Pour vérifier mes dires, j’ai pris en cave deux bouteilles que la quasi-totalité des amateurs jetteraient. L’une est un Champagne Moët & Chandon Brut Impérial 1964 qui a perdu environ 75% de son volume et qui a une couleur très foncée. L’autre est un Nahe Winzerstolz Schloss Böckelheimer, Bad Kreuznach Rheinland 1959, dans une bouteille fine et haute au fond plat, qui a perdu environ 80% de son volume.
Inutile de dire que la probabilité de trouver deux vins morts est extrêmement élevée. Le bouchon du champagne est recouvert de saletés noires, dures comme du goudron. Le bouchon est noir, mais le goulot n’est pas sale. L’odeur à l’ouverture à 9h du matin, soit quatre heures avant le déjeuner, est très acceptable, ne révélant aucun défaut majeur.
Le bouchon du riesling allemand tourne en même temps que mon tirebouchon, ce qui rend difficile de l’enfoncer. Je suis obligé d’arrêter cette rotation en plantant une autre mèche dans le liège. Je peux alors enfoncer la mèche principale et je lève entier le bouchon très imbibé. Le goulot est sale et gras, d’une graisse noire, que je nettoie avec mes doigts qui se noircissent. Je sens et, oh surprise, un délicieux parfum de fruits rouges se montre souriant. Je fais sentir à ma femme qui trouve ce parfum superbe.
Au déjeuner j’annonce à ma fille que nous allons faire l’expérience de ces deux vins. La couleur du Champagne Moët & Chandon Brut Impérial 1964 est beaucoup plus claire dans le verre que dans la bouteille. Il y a quelques poussières en suspension qui ne me gênent pas. Le goût est celui d’un champagne ancien plaisant. Ma fille est un peu rebutée par les suspensions, mais je boirai tout le champagne qui n’a aucune lie. Il a accompagné de belle façon une tarte à l’oignon au goût légèrement sucré et nous l’avons trouvé confortable et agréable, doté d’une belle complexité. Je n’aurais pas parié qu’il se comporte aussi bien.
Le Winzerstolz Schloss Böckelheimer, Bad Kreuznach Rheinland 1959 au moment du service offre un nez qui a perdu tout son charme car il sent le bouchon. Il y a une salade de champignons qui va effacer cette trace de bouchon. Le vin met du temps à s’assembler, mais il est d’une belle douceur, et d’une grande cohérence. Il n’a pas de défaut, juste une petite fatigue.
Pour le cas où les vins auraient été défaillants, j’ai ouvert un Champagne Veuve Clicquot La Grande Dame 2004. Le bouchon très serré sort difficilement. Une belle explosion de gaz salue son ouverture. La couleur est très claire. Quel contraste avec les deux autres. Le champagne est agréable et bien construit, mais nous faisons ma fille et moi le même constat : les deux vins anciens sont infiniment plus complexes et donnent beaucoup plus de plaisir que ce jeune champagne.
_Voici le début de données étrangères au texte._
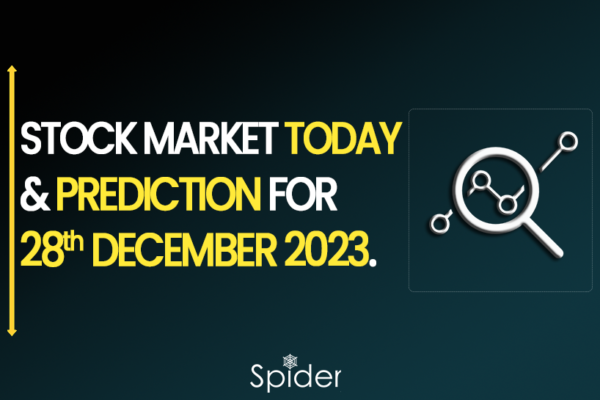 The picture shows what to expect in the Stock Market Forecast on December 28, 2023.
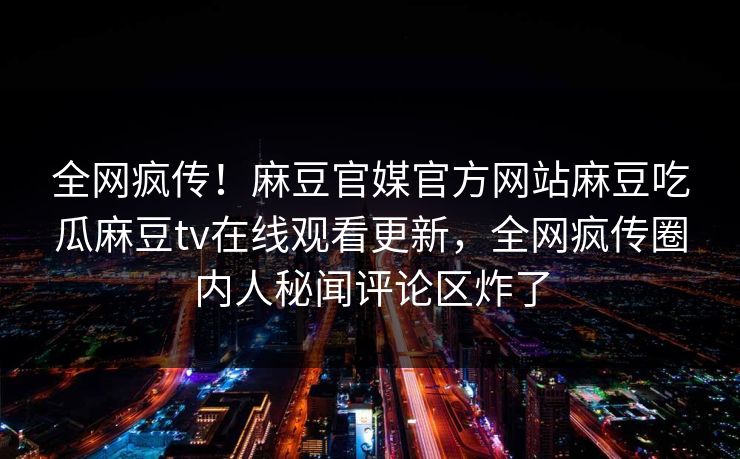 全网疯传！麻豆官媒官方网站麻豆吃瓜麻豆tv在线观看更新，全网疯传圈内人秘闻评论区炸了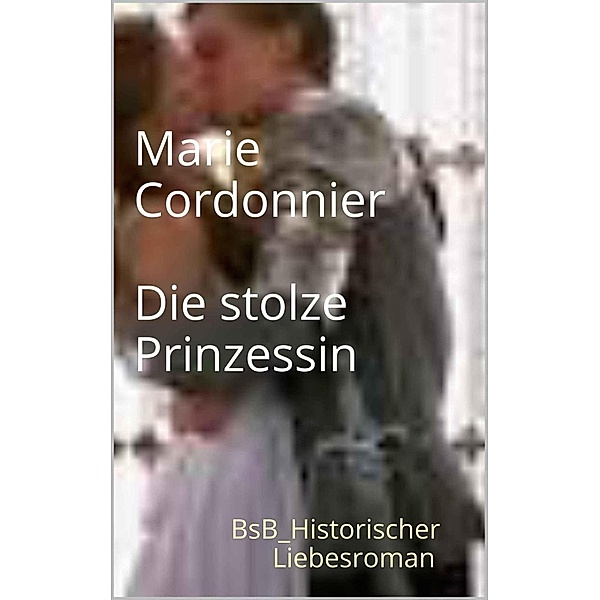 Die stolze Prinzessin, Marie Cordonnier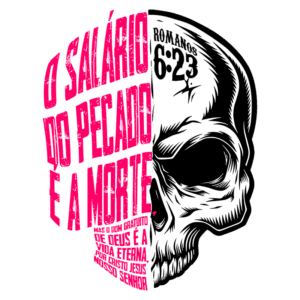 Imagem com a frase "O salário do pecado é a morte" em destaque, acompanhada da referência bíblica Romanos 6:23, que aborda a relação entre pecado e vida eterna. O design inclui uma ilustração de uma caveira, simbolizando a morte e a consequência do pecado.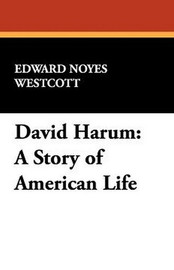 David Harum: A Story of American Life, by Edward Noyes Westcott (Paperback)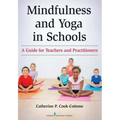 Mindfulness and Yoga in Schools: A Guide for Teachers and Practitioners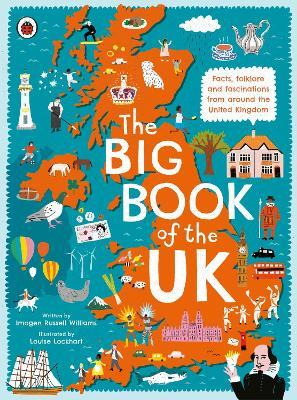 The Big Book of the UK: Facts, folklore and fascinations from around the United Kingdom - Imogen Russell Williams - cover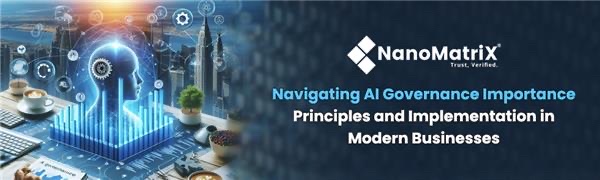 Navigating AI Governance Importance Principles and Implementation in Modern Businesses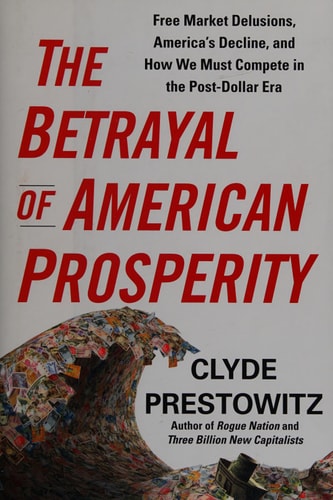The Betrayal of American Prosperity: Free Market Delusions, America's Decline, and How We Must Compete in the Post-Dollar Era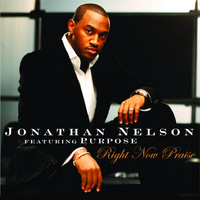 Jonathan Nelson - Right Now Praise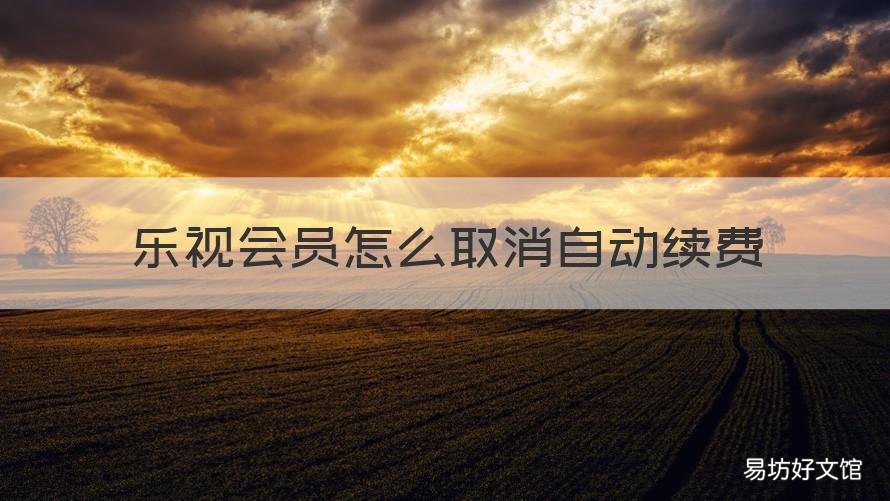 乐视会员怎么取消自动续费 乐视会员怎么取消自动续费支付宝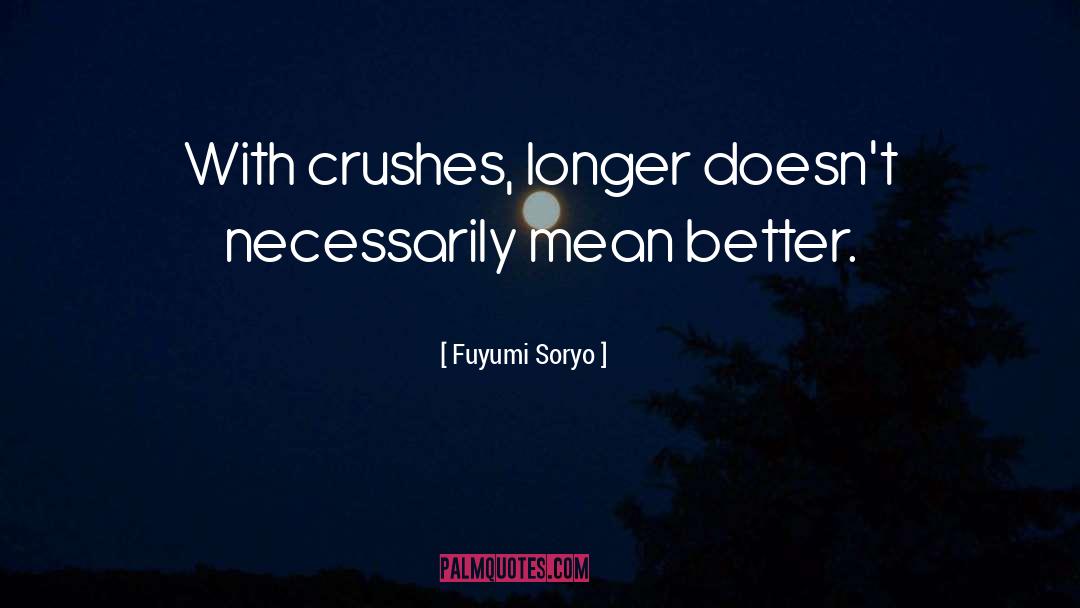 Crushes quotes by Fuyumi Soryo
Le 2004 trouvera un bel accord avec une tarte aux fraises et à la rhubarbe, grâce à son acidité trouvant un miroir dans les fruits. J’ai fait part sur Instagram des résultats de cet essai. Il faut toujours faire confiance au vin et lui donner sa chance, sans le condamner a priori. Nous aurions pu avoir un échec car il y a des vins irrécupérables, mais nous n’en avons pas eu. Et l’âge leur donne des complexités que ne peuvent donner les vins plus jeunes. Ces conclusions n’ont pas valeur de vérité définitive, mais ils encouragent à laisser leur chance aux vins.